When the dog does not pull towards the food when you walk past, you praise him to pieces and release him (OK!). And the food is removed from the table and put on the floor for the dog to eat with the words "Here, Take it". The dog will learn to leave things alone unless you actually give it to him and tell him it's OK for him to eat it. 

And when I give hand outs after supper, it usually is put on the floor for him. That's his cue that it's OK for him to eat it then. If the food is on the table or in my space, then it's a no-go.


----------



## Griffyn'sMom (Mar 22, 2007)

FlyingQuizini said:


> Two options:
> 
> 1. Teach a reliable behavior that's incompatible with stealing food off the table -- like doing a down stay on a dog bed while the family is eating.
> 
> ...


A wonderful response! I can't add much except to state that they all try it. Just don't let it become a bad habit. Even my Griff who is good as gold now had 3 pretty bad counter surfing events. 
1. 13 homemade waffles
2. about 5 hard boiled eggs
3. 15 corn muffins

I learned to put those all tempting baked goods in the microwave for storage. 

Make sure your kitchen chairs are pushed in or it's an open invitation to climb.

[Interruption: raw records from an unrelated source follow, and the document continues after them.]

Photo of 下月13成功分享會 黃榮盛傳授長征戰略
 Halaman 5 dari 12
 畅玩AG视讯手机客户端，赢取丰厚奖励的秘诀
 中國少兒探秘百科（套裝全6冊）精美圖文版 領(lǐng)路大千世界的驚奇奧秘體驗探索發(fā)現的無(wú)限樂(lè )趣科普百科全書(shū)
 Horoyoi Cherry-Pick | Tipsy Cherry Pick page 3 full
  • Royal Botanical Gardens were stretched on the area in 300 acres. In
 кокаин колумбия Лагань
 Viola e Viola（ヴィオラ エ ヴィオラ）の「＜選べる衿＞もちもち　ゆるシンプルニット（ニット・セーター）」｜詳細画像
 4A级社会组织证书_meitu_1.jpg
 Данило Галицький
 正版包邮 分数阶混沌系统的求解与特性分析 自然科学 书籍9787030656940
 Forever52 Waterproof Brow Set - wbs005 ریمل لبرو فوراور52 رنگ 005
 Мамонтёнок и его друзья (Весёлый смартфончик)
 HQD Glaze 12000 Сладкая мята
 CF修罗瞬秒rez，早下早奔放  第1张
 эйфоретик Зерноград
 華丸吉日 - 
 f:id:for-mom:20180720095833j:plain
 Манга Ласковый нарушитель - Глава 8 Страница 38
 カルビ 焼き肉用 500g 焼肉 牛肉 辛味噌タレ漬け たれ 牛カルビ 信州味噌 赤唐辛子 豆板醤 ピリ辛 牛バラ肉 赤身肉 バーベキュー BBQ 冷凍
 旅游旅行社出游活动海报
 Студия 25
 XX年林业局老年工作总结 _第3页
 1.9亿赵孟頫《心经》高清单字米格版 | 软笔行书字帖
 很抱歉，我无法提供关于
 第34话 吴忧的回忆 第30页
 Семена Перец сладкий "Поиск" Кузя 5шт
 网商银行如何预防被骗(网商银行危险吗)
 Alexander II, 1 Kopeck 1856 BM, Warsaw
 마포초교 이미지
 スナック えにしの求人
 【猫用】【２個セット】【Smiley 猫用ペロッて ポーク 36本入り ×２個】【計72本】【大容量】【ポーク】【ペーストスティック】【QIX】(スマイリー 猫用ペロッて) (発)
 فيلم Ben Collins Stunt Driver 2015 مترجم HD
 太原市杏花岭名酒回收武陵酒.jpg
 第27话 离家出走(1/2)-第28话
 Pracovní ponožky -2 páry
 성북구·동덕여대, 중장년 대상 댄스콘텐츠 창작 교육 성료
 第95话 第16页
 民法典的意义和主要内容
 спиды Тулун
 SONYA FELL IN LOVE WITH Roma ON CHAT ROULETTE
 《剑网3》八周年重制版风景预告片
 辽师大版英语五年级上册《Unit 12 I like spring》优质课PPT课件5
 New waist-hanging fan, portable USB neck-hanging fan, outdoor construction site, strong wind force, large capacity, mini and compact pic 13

Be consistant - getting your dog used to waiting to eat until you give the OK is a big safety for all involved.

I can drop a piece of bacon on the floor and say "wait" or "leave it" and it isn't touched unless I say "OK". Training is a great thing!


----------



## lily101 (Nov 8, 2010)

thank you every1 I'll definitely try teaching her "leave it" she is such a great pup she does everything rite except stealing food.......I'll keep training her this and hope it will work  and I'll also try the wait and ok. it just scares me that she may eat something that could be poisonous to her I would hate for that to happen.


----------



## Ljilly28 (Jan 22, 2008)

I agree with the advice you've received about managing her environment, teaching her incompatible behaviors and the 'leave it" command. It is also really helpful to let her drag a six foot lead so that you can step on it in a very calm, neutral way when you see early signs( sniffing etc). Many dogs who come here for training have been grabbed/ reached for with hands, and they want to play various forms of keep away/catch-me-if-you-can on the one hand or are afraid of hands reaching out on the other. Calmly stepping on the leash is effective, and not as confrontational. Dogs tend to repeat behavior they practice, so it's important not to let her self-reward by scoring food from bad manners, lol. Keep in mind though, that she is only doing what makes sense to her, and she is not trying to be naughty.


----------



## lily101 (Nov 8, 2010)

thank you for this advise I will try this also.


----------



## FlyingQuizini (Oct 24, 2006)

The other thing to keep in mind: 

Be prepared to "try this" for quite a while. Old habits die hard. You're looking at at least 4-6 weeks of diligent training, management and practice before you'll likely see sizable results.

During this time, management is key. If she happens to snag something off the table (due to poor management) even ONE time, it will significantly set back your training.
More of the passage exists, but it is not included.